Calculating xT (position-based)

Calculating Expected Threat

#importing necessary libraries
import pandas as pd
import numpy as np
import json
# plotting
import matplotlib.pyplot as plt
#opening data
import os
import pathlib
import warnings
#used for plots
from mplsoccer import Pitch
from scipy.stats import binned_statistic_2d

pd.options.mode.chained_assignment = None
warnings.filterwarnings('ignore')

Opening data

In this section we implement the Expected Threat model in the same way described by Karun Singh.
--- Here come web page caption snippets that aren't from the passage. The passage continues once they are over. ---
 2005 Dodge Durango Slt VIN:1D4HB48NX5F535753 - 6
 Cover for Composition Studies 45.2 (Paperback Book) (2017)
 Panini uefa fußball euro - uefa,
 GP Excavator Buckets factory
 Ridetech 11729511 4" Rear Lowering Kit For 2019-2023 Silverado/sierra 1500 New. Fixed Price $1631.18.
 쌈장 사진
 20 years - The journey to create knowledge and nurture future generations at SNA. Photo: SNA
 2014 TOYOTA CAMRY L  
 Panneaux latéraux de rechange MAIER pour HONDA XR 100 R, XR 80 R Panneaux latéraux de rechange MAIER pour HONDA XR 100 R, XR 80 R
First, we open the data.

df = pd.DataFrame()
for i in range(13):
    file_name = 'events_England_' + str(i+1) + '.json'
    path = os.path.join(str(pathlib.Path().resolve().parents[0]), 'data', 'Wyscout', file_name)
    with open(path) as f:
        data = json.load(f)
    df = pd.concat([df, pd.DataFrame(data)], ignore_index = True)

Actions moving the ball

To calculate the Expected Threat we need actions that move the ball. First we filter them from the database. Then, we remove passes that ended out of the pitch. To make our calculations easier we create new columns with coordinates, one for each coordinate. Then, we plot the location of actions moving the ball on 2D histogram. Note that dribbling is also an action that moves the ball. However, Wyscout does not store them in the v2 version that we are using in the course and not all ground attacking duels are dribblings. In the end we store number of actions in each bin in a move_count array to calculate later move probability.

next_event = df.shift(-1, fill_value=0)
df["nextEvent"] = next_event["subEventName"]

df["kickedOut"] = df.apply(lambda x: 1 if x.nextEvent == "Ball out of the field" else 0, axis = 1)
#get move_df
move_df = df.loc[df['subEventName'].isin(['Simple pass', 'High pass', 'Head pass', 'Smart pass', 'Cross'])]
#filtering out of the field
delete_passes = move_df.loc[move_df["kickedOut"] == 1]
move_df = move_df.drop(delete_passes.index)

#extract coordinates
move_df["x"] = move_df.positions.apply(lambda cell: (cell[0]['x']) * 105/100)
move_df["y"] = move_df.positions.apply(lambda cell: (100 - cell[0]['y']) * 68/100)
move_df["end_x"] = move_df.positions.apply(lambda cell: (cell[1]['x']) * 105/100)
move_df["end_y"] = move_df.positions.apply(lambda cell: (100 - cell[1]['y']) * 68/100)
move_df = move_df.loc[(((move_df["end_x"] != 0) & (move_df["end_y"] != 68)) & ((move_df["end_x"] != 105) & (move_df["end_y"] != 0)))]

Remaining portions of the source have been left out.